*** Begin section ***

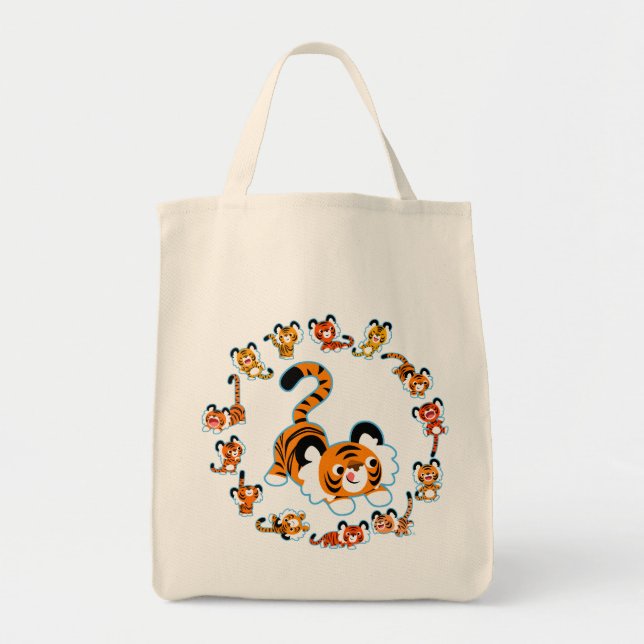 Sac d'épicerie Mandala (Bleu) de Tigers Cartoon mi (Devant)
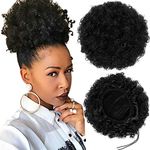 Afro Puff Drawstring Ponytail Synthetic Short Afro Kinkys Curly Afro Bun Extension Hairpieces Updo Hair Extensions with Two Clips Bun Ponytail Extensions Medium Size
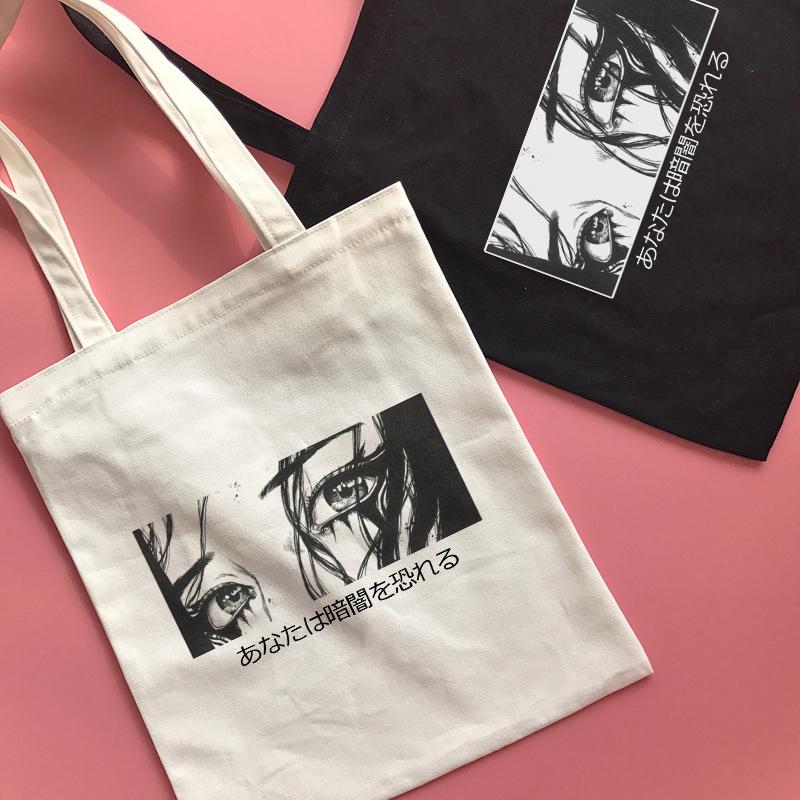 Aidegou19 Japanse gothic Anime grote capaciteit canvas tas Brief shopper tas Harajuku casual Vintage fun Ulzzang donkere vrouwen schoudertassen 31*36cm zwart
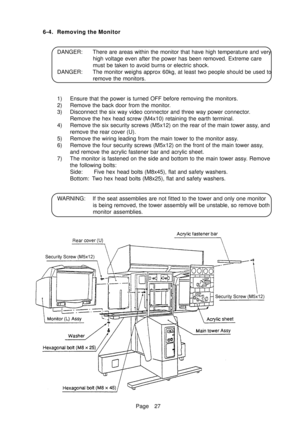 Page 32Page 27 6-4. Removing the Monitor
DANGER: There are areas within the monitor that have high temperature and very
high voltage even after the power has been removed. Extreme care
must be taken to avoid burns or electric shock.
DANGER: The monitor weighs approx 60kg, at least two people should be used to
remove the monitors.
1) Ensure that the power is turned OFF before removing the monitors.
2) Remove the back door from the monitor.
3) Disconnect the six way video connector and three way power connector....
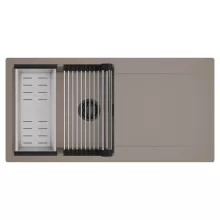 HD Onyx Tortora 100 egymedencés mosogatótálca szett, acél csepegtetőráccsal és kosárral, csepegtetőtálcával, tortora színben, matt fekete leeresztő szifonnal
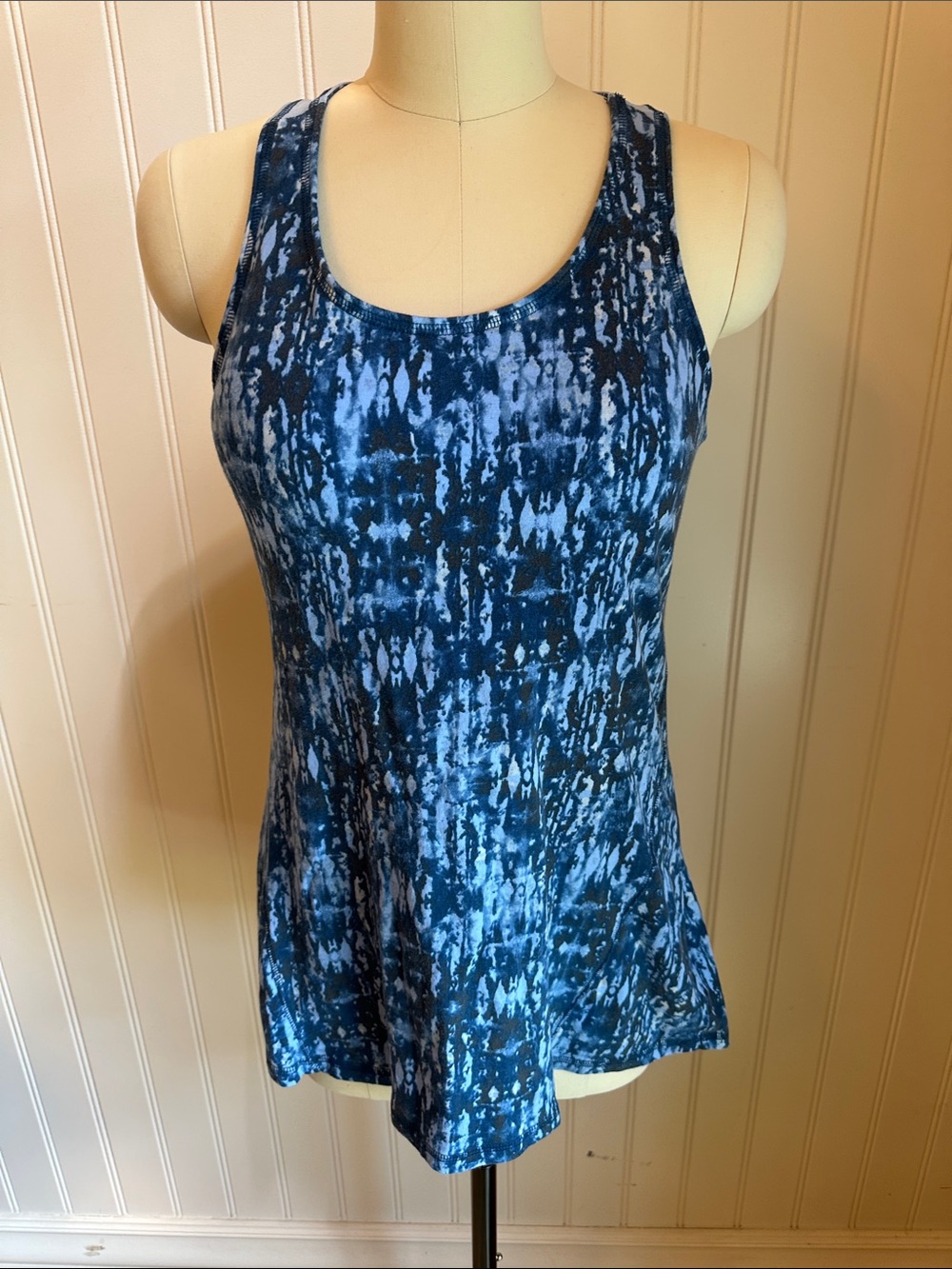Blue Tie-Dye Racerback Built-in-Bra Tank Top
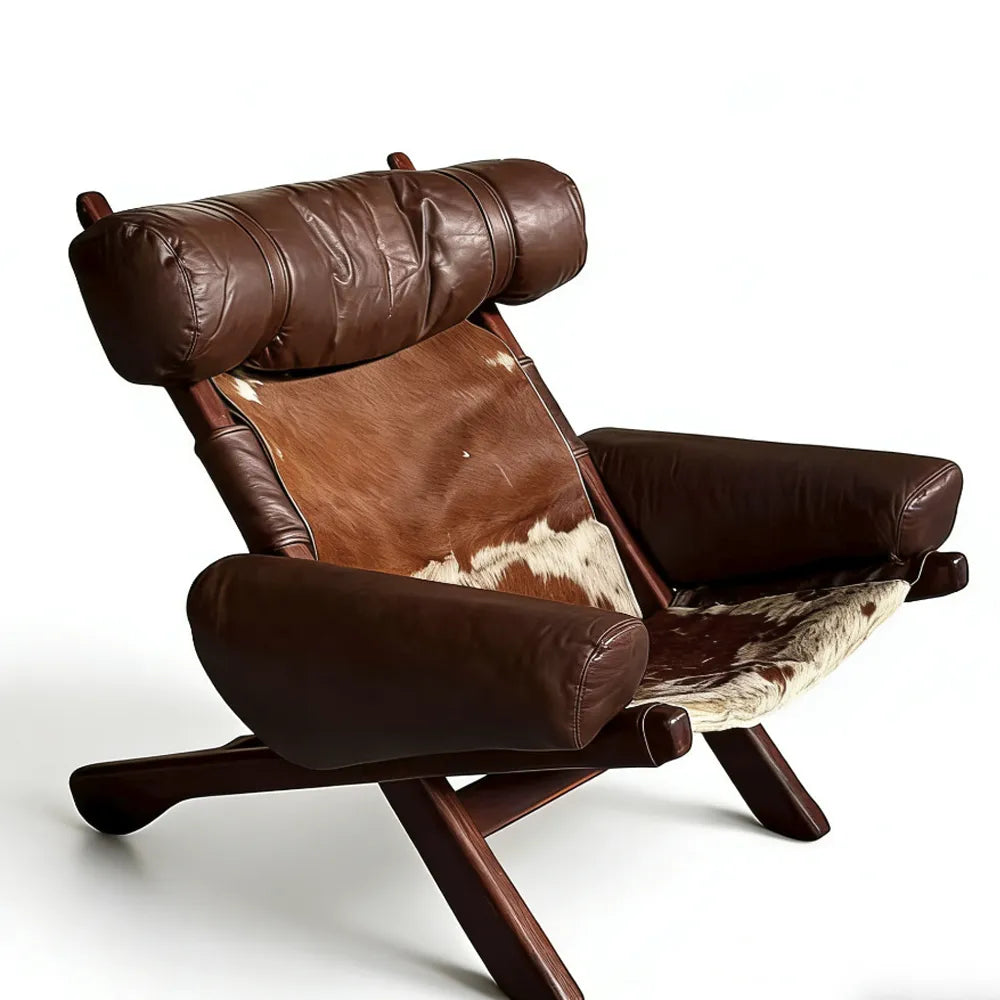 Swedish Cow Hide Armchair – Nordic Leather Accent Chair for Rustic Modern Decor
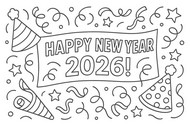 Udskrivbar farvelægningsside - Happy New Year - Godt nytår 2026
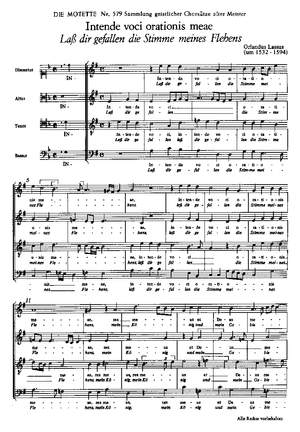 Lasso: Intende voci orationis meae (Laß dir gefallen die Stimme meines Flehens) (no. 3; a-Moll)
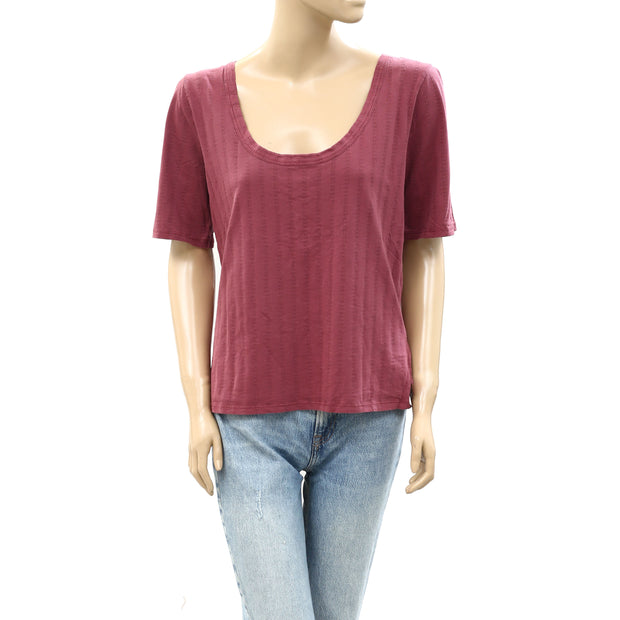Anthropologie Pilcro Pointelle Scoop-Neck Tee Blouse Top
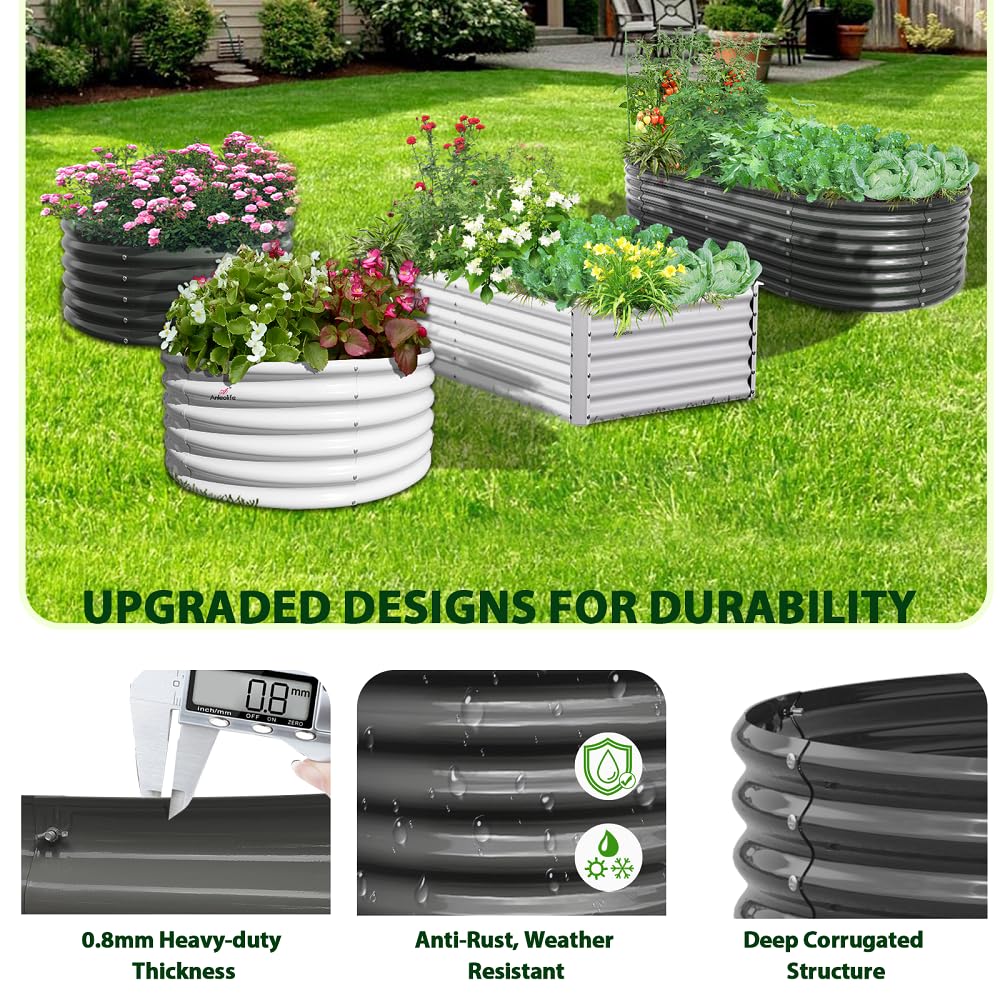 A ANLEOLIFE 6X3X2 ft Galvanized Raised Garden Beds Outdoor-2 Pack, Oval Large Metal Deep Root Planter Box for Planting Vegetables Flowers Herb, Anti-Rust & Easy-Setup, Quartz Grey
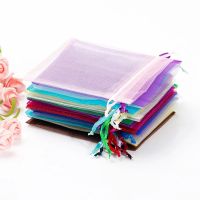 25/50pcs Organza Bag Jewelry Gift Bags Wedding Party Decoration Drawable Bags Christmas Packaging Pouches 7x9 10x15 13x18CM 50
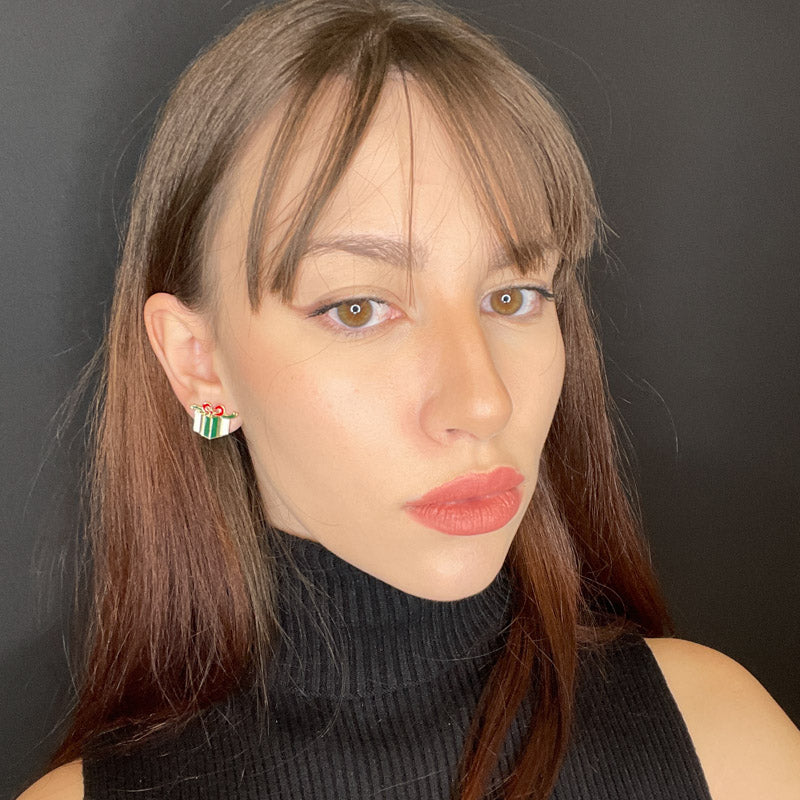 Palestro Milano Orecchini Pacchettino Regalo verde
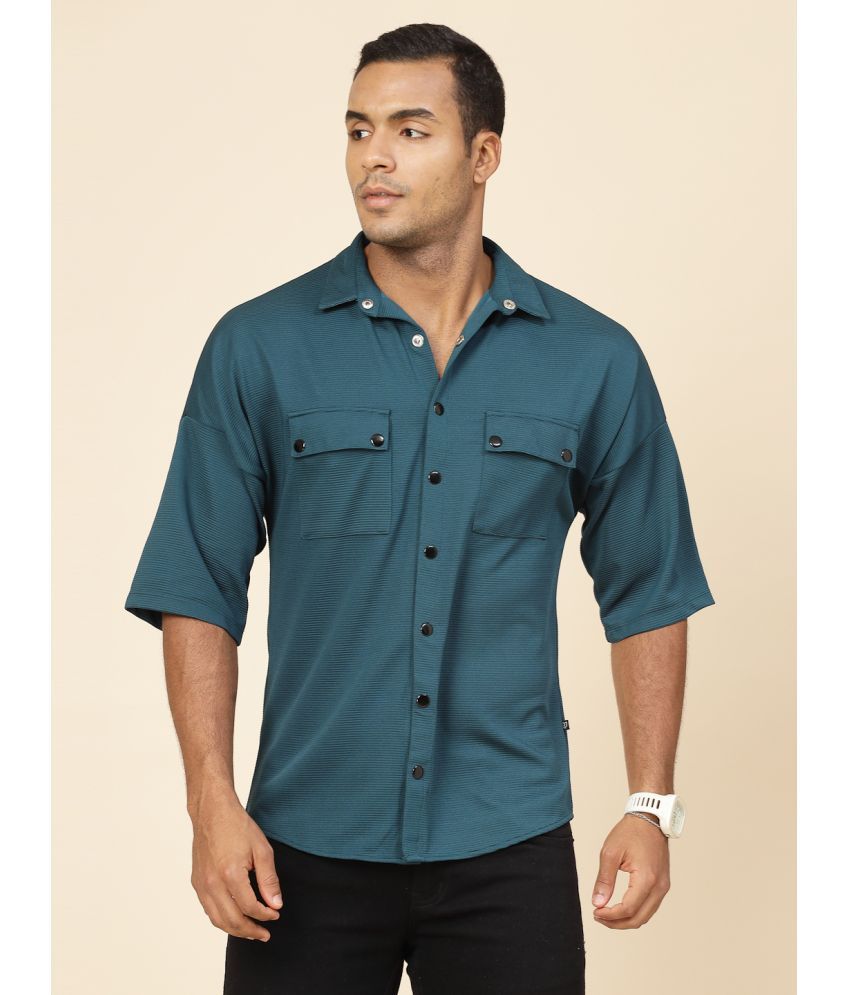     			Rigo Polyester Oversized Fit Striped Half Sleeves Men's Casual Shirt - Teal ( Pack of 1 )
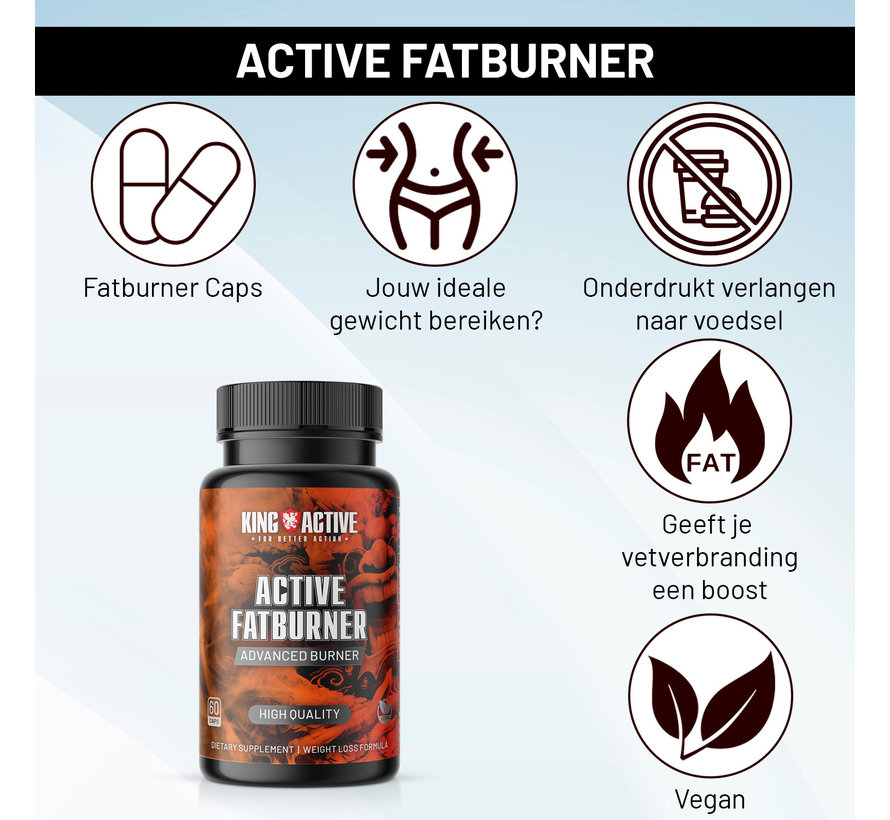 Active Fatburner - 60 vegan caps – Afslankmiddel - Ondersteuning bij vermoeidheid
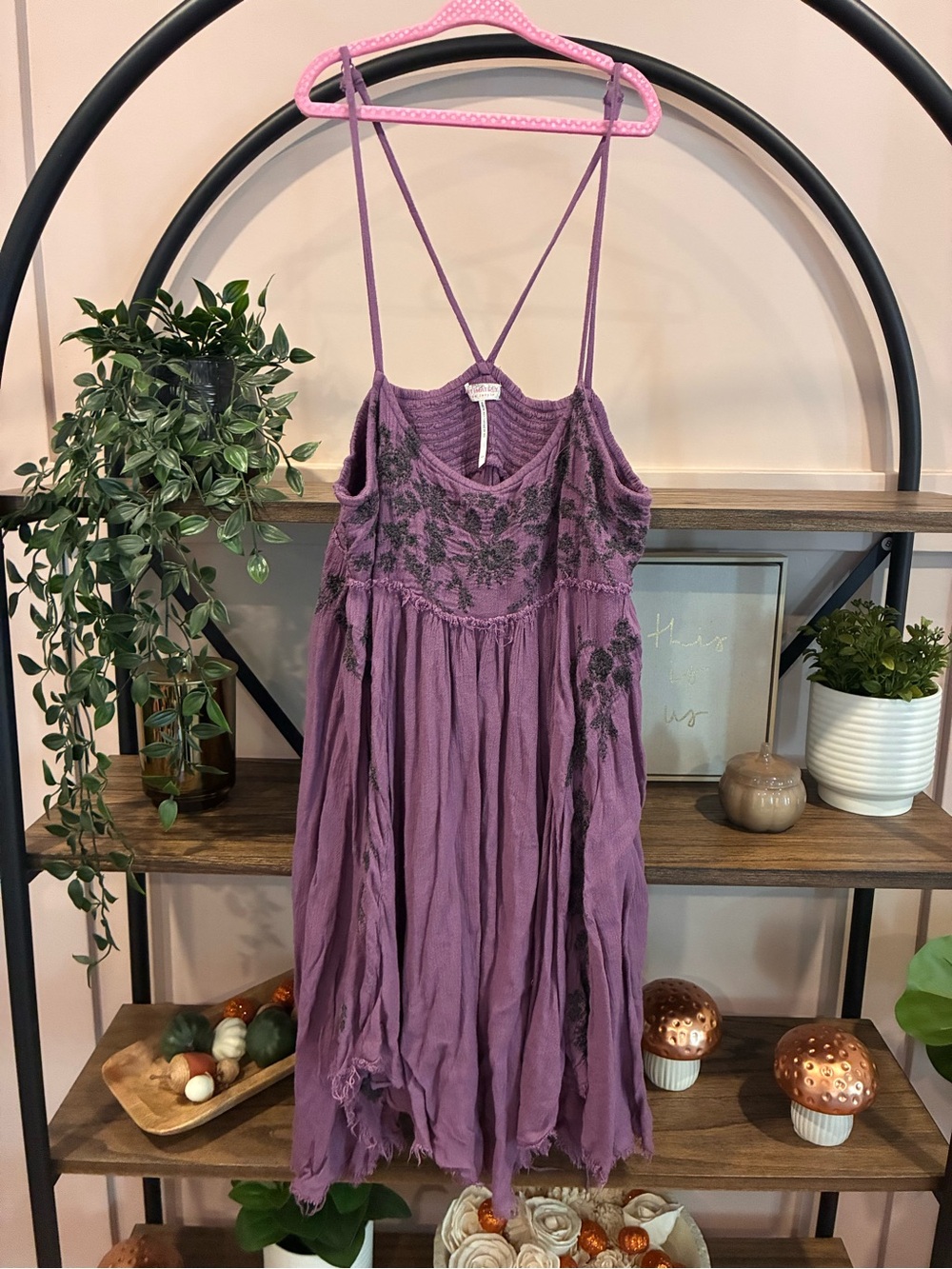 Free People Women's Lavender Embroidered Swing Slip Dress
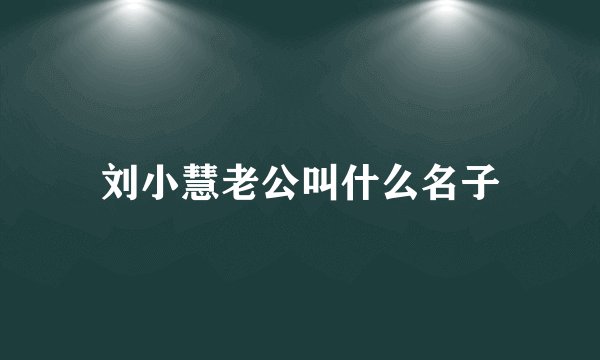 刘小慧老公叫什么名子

*** End section ***

# PROBLEM TO WORK ON:
For the word "power", go through the records and show each line that carries it.

# EXPECTED ANSWER:
high voltage even after the power has been removed. Extreme care
1) Ensure that the power is turned OFF before removing the monitors.
3) Disconnect the six way video connector and three way power connector....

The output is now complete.